Key Highlights
The U.S. absorbed more than 187,000 apartment units in Q2 — well above the seasonal norm.
Occupancy climbed back to 95.5%; sixth straight quarter of declining annual supply.
Annual deliveries fell to ~340,200 units, off a ~588,000-unit peak in late 2024.
Effective rents rose 1.4% in Q2 but remain 0.2% below year-ago levels.
Concessions still ran at 24.6% of apartments; the South is the only region with annual rent declines.
The Signal
The cycle inflected — but the driver is fading supply, not surging demand.
Occupancy is healing nationally while rent recovery stays regional.
The Sun Belt is still working off its own oversupply.
The number that turned the market isn't the 187,000 units absorbed — strong as that is — it's the 340,200 delivered. Annual supply has dropped below its decade average for the first time in three years, and that is what let occupancy climb back to 95.5%.
Demand is solid but not spectacular: trailing-year absorption of roughly 271,300 units sits below the decade average near 340,000. In other words, the improvement is coming as much from the taps closing as from the tenants arriving.
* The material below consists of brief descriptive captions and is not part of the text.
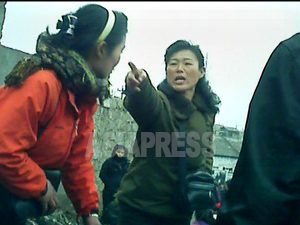 <北朝鮮写真報告>抵抗する庶民たち(2) 横暴警官に切れてパンチ 役人と渡り合う女性も 【写真4枚】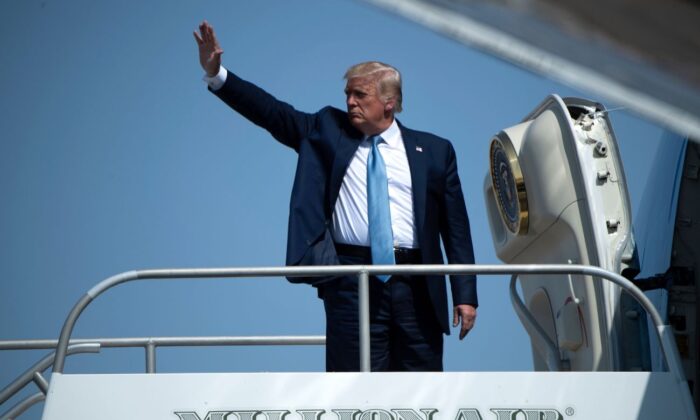 El presidente Donald Trump saluda al abordar el Air Force One después de un mitin en el Aeropuerto Internacional de Yuma en Arizona el 18 de agosto de 2020. (Brendan Smialowski/AFP vía Getty Images)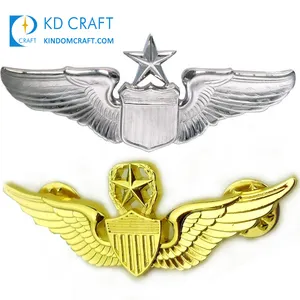 Aangepast Ontwerp Gegraveerd 3d Blanco Metalen Legering Luchtvaartmaatschappij Goud Zilveren Vleugel Pin Badge Emiraten Voor Luchtvaartgeschenken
That distinction matters for underwriting. A supply-led turn firms occupancy first and rents second, and only where the pipeline actually emptied. Rents are up 1.4% in the quarter but still negative year-over-year, and one-in-four apartments is still bought with a concession.
Implications
Owners in markets past their delivery peak — much of the Midwest and Northeast — can underwrite firming occupancy now and rent power into 2027. Sun Belt owners still face concessions and sub-95% occupancy until their supply clears. This is a market to underwrite by submarket delivery schedule, not by national headline.
Key Takeaway
The apartment recovery is real, but it's the construction slowdown — not a demand boom — that turned it.